Bundesgesetz über individuelle Förderung der Ausbildung (Bundesausbildungsförderungsgesetz - BAföG)

§ 22 Berechnungszeitraum für das Einkommen des Auszubildenden

Bundesausbildungsförderungsgesetz in der Fassung der Bekanntmachung vom 7. Dezember 2010 (BGBl. I S. 1952; 2012 I S. 197), das durch Artikel 71 des Gesetzes vom 29. März 2017 (BGBl. I S. 626) geändert worden ist

(1)
Für die Anrechnung des Einkommens des Auszubildenden sind die Einkommensverhältnisse im Bewilligungszeitraum maßgebend.

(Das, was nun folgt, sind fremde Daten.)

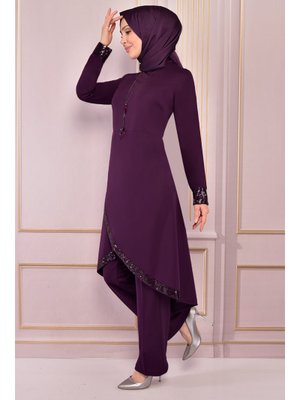 Mürdüm Kolyeli Kombin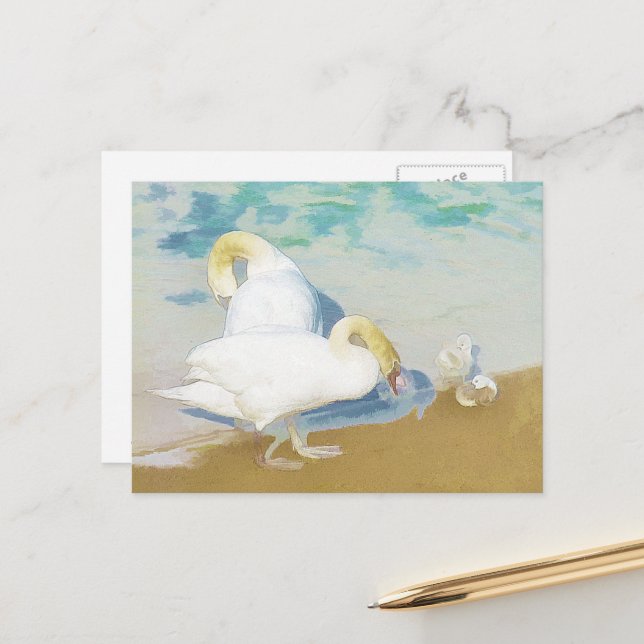 SVANAR VYKORT (Fram/Back In Situ)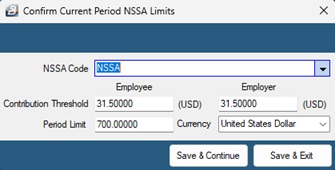 NSSA on calculation routine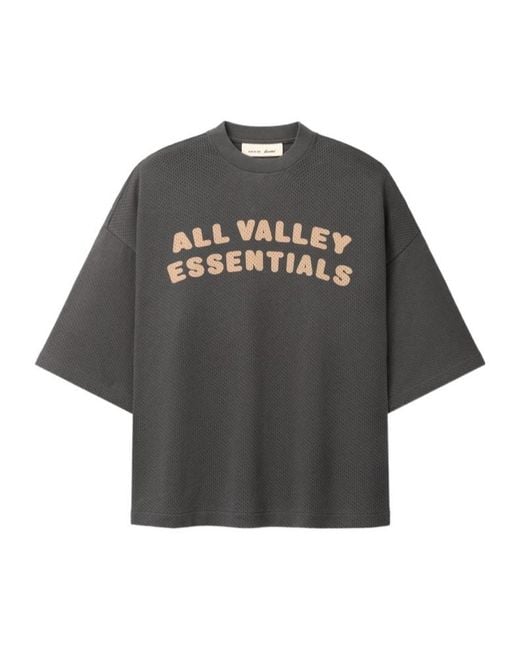 Fear Of God Gray Short-Sleeved T-Shirt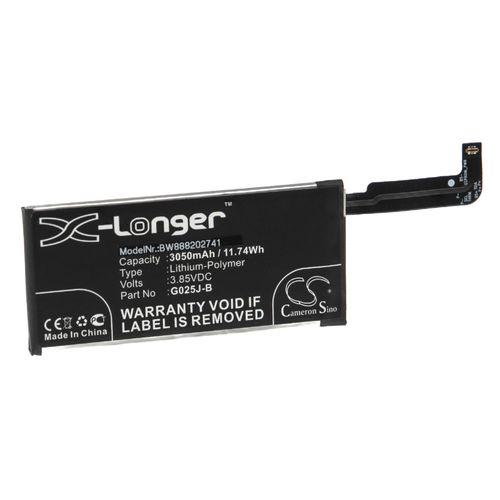 Vhbw Batterie Compatible Avec Google Pixel 4a Smartphone (3050mah, 3,85v, Li-Polymère)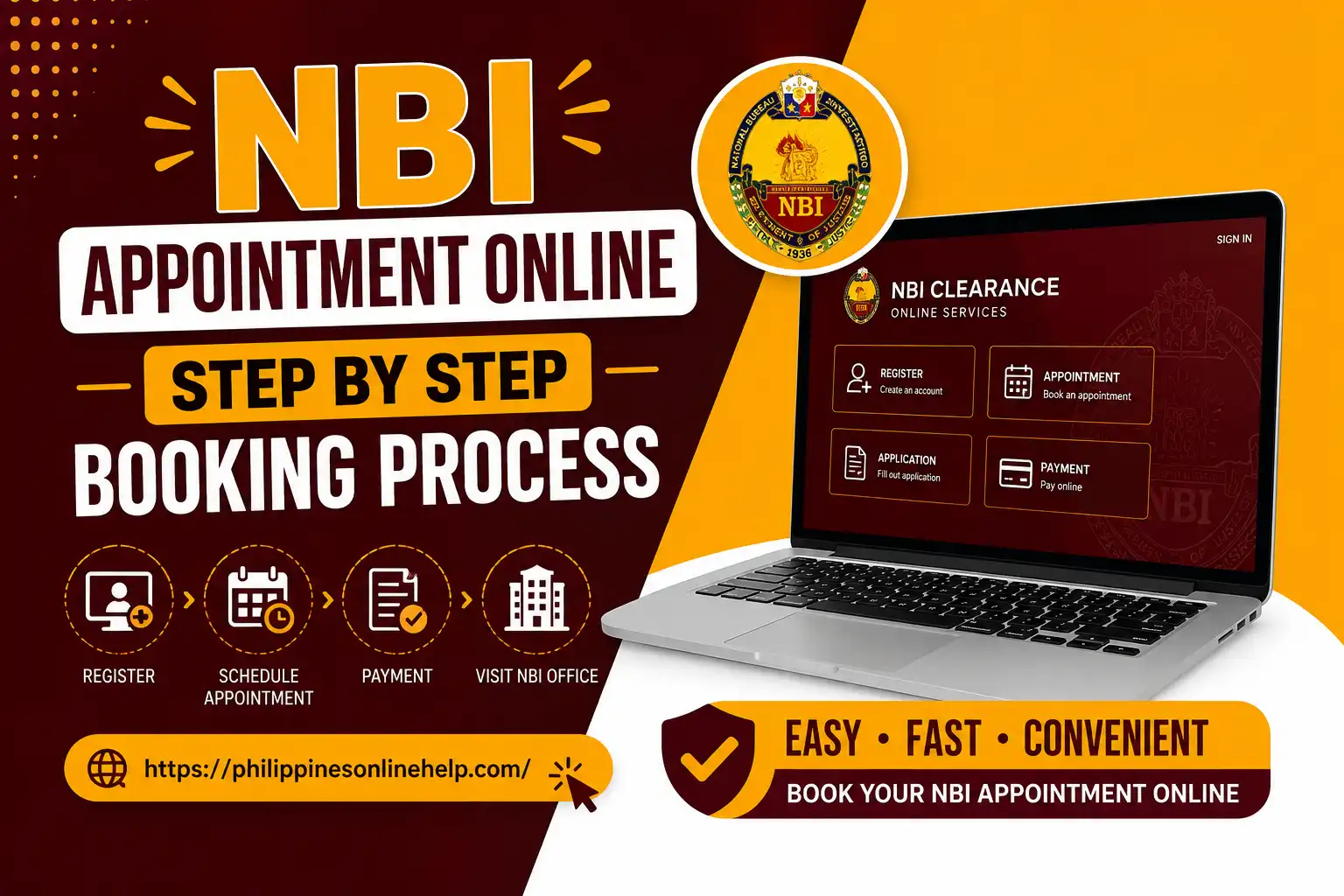 NBI Appointment Online Step by Step Booking Process 2026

Sind bei ihrer Ermittlung Pauschbeträge für Werbungskosten nach § 9a des Einkommensteuergesetzes zu berücksichtigen, so ist der Betrag abzuziehen, der sich ergibt, wenn ein Zwölftel des Jahrespauschbetrages mit der Zahl der Kalendermonate des Bewilligungszeitraumes vervielfacht wird.
(2)
Auf den Bedarf jedes Kalendermonats des Bewilligungszeitraums wird der Betrag angerechnet, der sich ergibt, wenn das Gesamteinkommen durch die Zahl der Kalendermonate des Bewilligungszeitraums geteilt wird.
(3)
Die Absätze 1 und 2 gelten entsprechend für die Berücksichtigung des Einkommens
1.
der Kinder nach § 23 Absatz 2,
2.
der Kinder, der in § 25 Absatz 5 Nummer 1 bis 3 bezeichneten Personen und der sonstigen Unterhaltsberechtigten nach § 25 Absatz 3.